2. Het PVC onderhoudt een bevoorrechte relatie met de SVEU en vormt het eerste contactpunt van de SVEU binnen de Raad. Onverminderd de bevoegdheden van de hoge vertegenwoordiger zorgt het PVC binnen het kader van het mandaat voor strategische aansturing en politieke leiding ten behoeve van de SVEU.
3. De SVEU zorgt voor regelmatige, systematische, grondige en heldere acties en samenwerking met de Europese Dienst voor extern optreden (EDEO) en zijn bevoegde afdelingen.
4. De SVEU zal de regio op gezette tijden bezoeken en zal zorgen voor nauwe coördinatie met de betrokken delegaties van de Unie in de regio, waaronder het bureau van de vertegenwoordiger van de Unie in Jeruzalem, de delegatie van de Unie in Tel Aviv en, via die delegaties, met de diplomatieke vertegenwoordigingen van de lidstaten.
Artikel 5
Financiering
1. Het financieel referentiebedrag ter dekking van de uitgaven in verband met het mandaat (de “uitgaven”) voor de periode van 2 juni 2025 tot en met 31 mei 2026 bedraagt 1 368 570,22 EUR.
2. De uitgaven worden beheerd volgens de procedures en voorschriften die van toepassing zijn op de algemene begroting van de Unie.
3. Voor het uitgavenbeheer wordt tussen de SVEU en de Commissie een overeenkomst gesloten. De SVEU legt over alle uitgaven verantwoording af aan de Commissie.
Artikel 6
Samenstelling van het team van de SVEU
1. Binnen de grenzen van het mandaat en de daartoe vrijgemaakte financiële middelen is de SVEU verantwoordelijk voor de vorming van een team. In het team van de SVEU dient de door het mandaat vereiste deskundigheid inzake specifieke beleidsvraagstukken aanwezig te zijn. De SVEU houdt de Raad en de Commissie zonder verwijl op de hoogte van de samenstelling van het team.
2. De lidstaten, instellingen van de Unie en de EDEO kunnen voorstellen personeel te detacheren bij het team van de SVEU. De bezoldigingen van het gedetacheerde personeel komen ten laste van respectievelijk de detacherende lidstaat, de betrokken instelling van de Unie of de EDEO, naargelang van het geval. Deskundigen die door de lidstaten bij de instellingen van de Unie of de EDEO zijn gedetacheerd, kunnen eveneens naar het team van de SVEU worden gedetacheerd. Internationaal aangeworven personeel moet de nationaliteit van een lidstaat hebben.
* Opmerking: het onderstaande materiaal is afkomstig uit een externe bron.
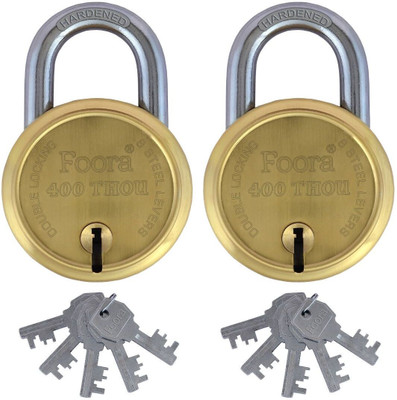 Foora 400 Thou Lock with 5 Keys, Double Locking, Lock and Key for Door, Gate, Home Padlock(Gold)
3. Al het gedetacheerde personeel blijft onder het administratieve gezag van de detacherende lidstaat, van de betrokken instelling van de Unie of van de EDEO, en verricht zijn werkzaamheden en handelt in het belang van het mandaat.
4. Het team van de SVEU wordt op dezelfde locatie als de betrokken EDEO-afdeling, de delegatie van de Unie in Tel Aviv en het bureau van de vertegenwoordiger van de Unie in Jeruzalem gevestigd, teneinde de samenhang en consistentie van hun respectieve activiteiten te waarborgen.
Artikel 7
Voorrechten en immuniteiten van de SVEU en van de leden van het team van de SVEU
De voorrechten, immuniteiten en andere garanties betreffende de SVEU en de leden van het team van de SVEU die noodzakelijk zijn voor de voltooiing en het goede verloop van het mandaat van de SVEU, worden met de ontvangende partijen naargelang het geval overeengekomen. De lidstaten en de EDEO verlenen daartoe alle nodige steun.
Artikel 8
Beveiliging van gerubriceerde EU-informatie
De SVEU en de leden van het team van de SVEU leven de beveiligingsbeginselen en minimumnormen na die zijn vastgelegd in Besluit 2013/488/EU van de Raad (2).
Artikel 9
Toegang tot informatie en logistieke steun
1. De lidstaten, de Commissie, de EDEO en het secretariaat-generaal van de Raad zorgen ervoor dat de SVEU toegang krijgt tot alle relevante informatie.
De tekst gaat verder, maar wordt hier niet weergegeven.